Trying things out as I learn C code, I wanted to test something. It worked as expected, but throws the warning

Warning 1 assignment from incompatible pointer type [enabled by default]

The code is simple. All I am doing here is toggling PIN B7 on an atmega2560. I have a LED hooked to it and I can see it blinking, so I know it works as expected.

Can anyone explain why I am seeing this error, even though it is executed as expected? The code is as follows:

#include <avr/io.h>
#include <util/delay.h>

void main(void) {
    int *ptr;
    ptr = &PORTB; // This line throws the warning

    DDRB = (1 << 7);

    while(1) {
        *ptr = (1 << 7);
        _delay_ms(1000);

        *ptr = (0 << 7);
        _delay_ms(1000);
    }
}

PORTB is an 8bit register that has a bit per pin to control whether that pin is HIGH or LOW.

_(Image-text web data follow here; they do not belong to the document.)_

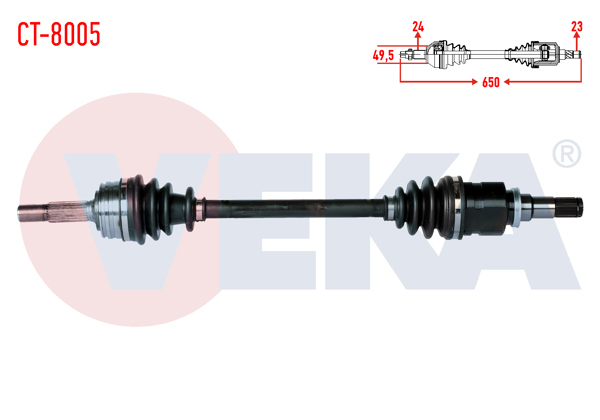 VEKA CT-8005 | Komple Aks Sol Ön Citroen C1 (Pm_, Pn_) 1.0 Uzunluk 650mm 2005-2015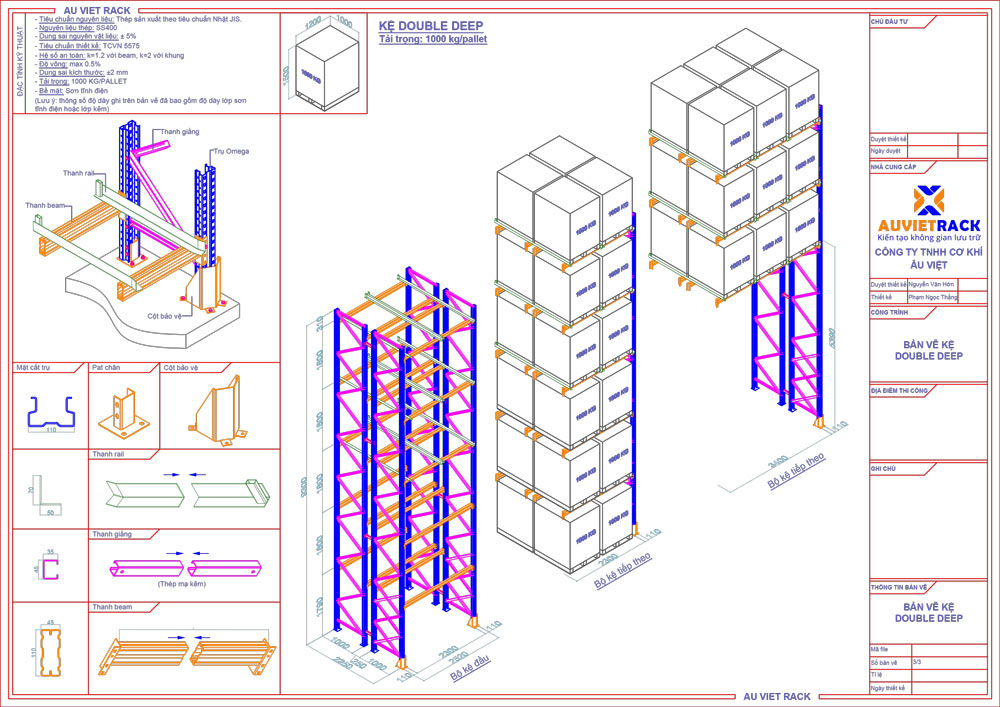 Bản vẽ 3D chi tiết kệ Double Deep - Au Viet Rack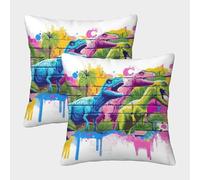kaiyun 3D Dinosaurio Breaking Through The Wall Funda De Cojín De Almohada Cuadrada para Sofá 50x50cm 2 Paquetes con Cremallera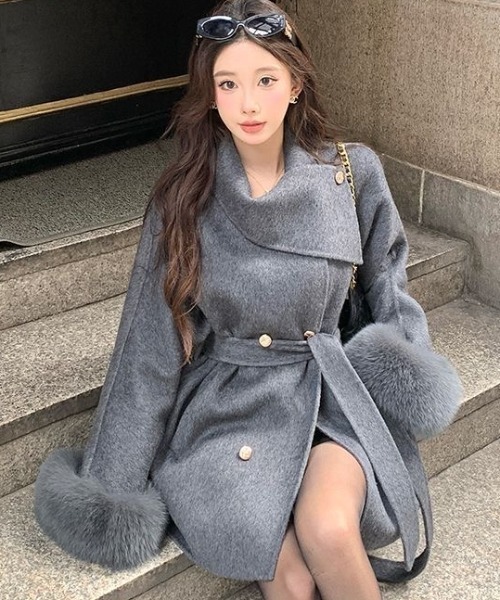 美品♡ダイアグラム エコファー ガウンコート ロング チェスター ベルト コート チェスターコート ベルト付きロングチェスターコート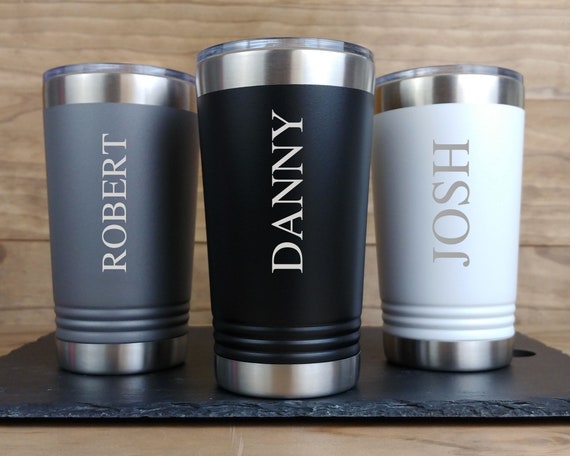 Personalized 16oz Engraved Stainless Steel Mug for Couples, Design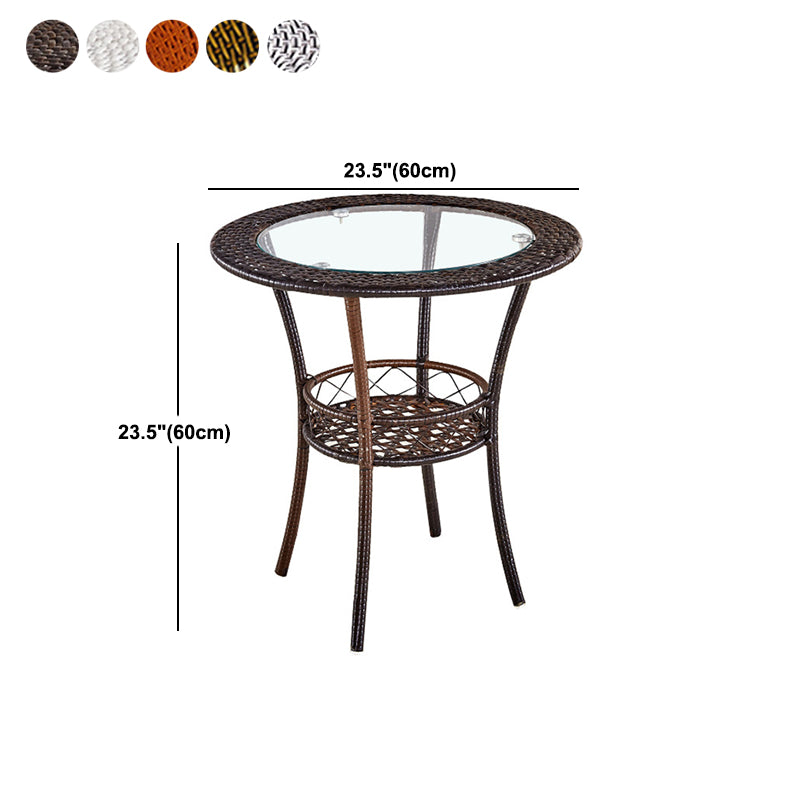 4 Legs Single Coffee Table Glass Modern with Shelf Cocktail Table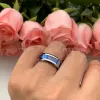 Rings Tungsten Wedding Bands 8mm Blue Blue Dragon Rings for Men Women Engagement Ring Polished Shiny with Carbon Fiber Comfort Fit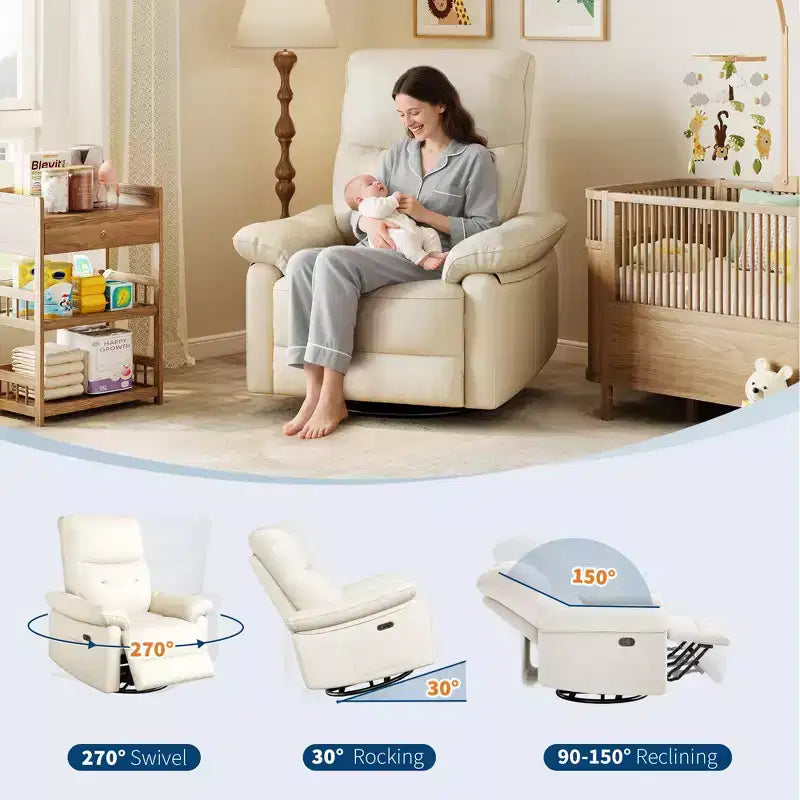 Fauteuil inclinable électrique GustoWave, fauteuil inclinable à bascule pivotant en cuir PU avec ports, fauteuil de canapé inclinable rembourré pour chambre de bébé, beige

For now, I am glad it works. But these warnings annoy me.

int *ptr;
ptr = &PORTB; // This line throws the warning

PORTB is a volatile unsigned char defined with something like this:

*(volatile unsigned char *) 0xBEEF

Change your ptr declaration to a volatile unsigned char *:

volatile unsigned char *ptr;
ptr = &PORTB;

Edit 2:

By the time I got around to correcting my original answer (below) I saw that @ouah had already posted a correct answer so I ask you to please use it instead of mine. For a more detailed explanation please read 'Edit 1' below.

My original answer:

PORTB is probably not defined as an int which means that when you take the address of PORTB you won't get an int *. If you are sure you're right and that you can use an int * for PORTB you can use a cast to tell the compiler that it doesn't need to worry. You can cast it like this:

ptr = (int*)&PORTB

Go to the definition of PORTB and let us know what type it is.

Edit 1:

My assumption was that you knew that PORTB was an int and that you're casting it from void*. Thanks @H2CO3 for pointing out that it is in fact a (*(volatile uint8_t *)(0x25)) which basically means that PORTB is a volatile uint8_t.

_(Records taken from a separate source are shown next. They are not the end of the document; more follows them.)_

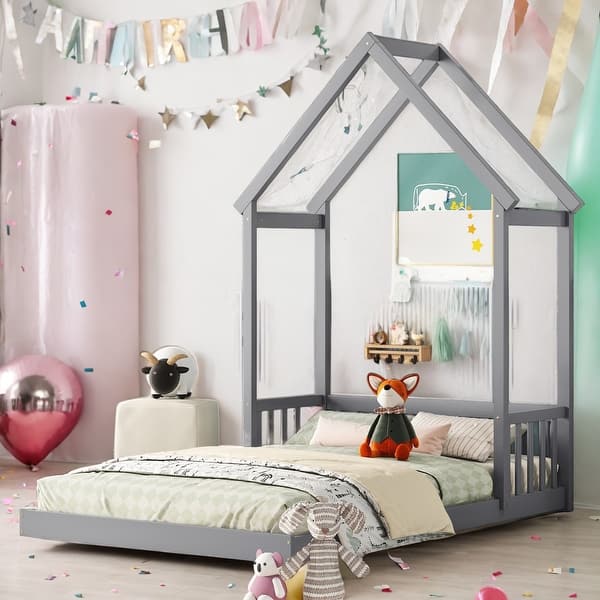 slide 2 of 27, House-Style Funny Full House-shaped Roof Headboard Floor Kids Furniture Bed Kidsbed, Grey Grey
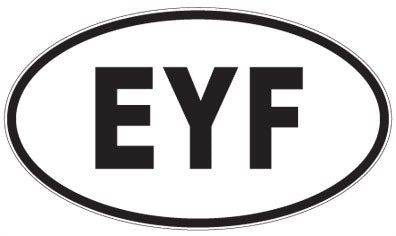 EYF - 3 Letter Initials Oval Magnet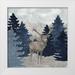 Reed Tara 26x26 White Modern Wood Framed Museum Art Print Titled - Blue Cliff Mountains scene II-Deer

This being the case you should NEVER cast it to an int! If this worked it means that your machine is probably little endian and you shouldn't rely on this.

To explain it properly let's set up a simple example:

We have this in memory:

Address  Value
0x02        7
0x03       11

Note: 7 is 0x07 in hex and 00000111 in binary and 11 is 0x0B in hex and 00001011 in binary

Now we have 2 pointers:

uint8_t* BytePointer;
int*     IntPointer; // int is either 2 or 4 bytes, we will assume it is 2 bytes.
int Value16;
uint8_t Value8;

// Let's set both to point to our fake memory address
BytePointer = (uint8_t*) 0x02;
IntPointer  = (int*)     0x02;

// Now let's see what value each holds?
Value8 = *BytePointer;
Value16 = *IntPointer;

// Value8 will contain 0x07
// Value16 will contain 0x0B07 on a Little Endian machine
// Value16 will contain 0x070B on a Big Endian Machine

This example illustrates what happens when we read values from pointers, what about writing? Let's keep the same variables as before and write some values

*BytePointer = 5;

The memory would now look like this:

0x02     5
0x03    11

What about an int pointer?

*IntPointer = 5;

Since an int is two bytes it will alter two bytes:

// Little endian
0x02     5
0x03     0

// Big endian
0x02     0
0x03     5

So if you use PORTB as an int, every time you assign to it you are writing 2 bytes, one to the address of PORTB and one straight after. I hope whatever is after isn't important... You shouldn't do this so you should use an uint8_t* if you really want to use pointers.

But by the time I got around to explaining it all properly @ouah has already posted a correct answer. Please refer to it for how this should be done.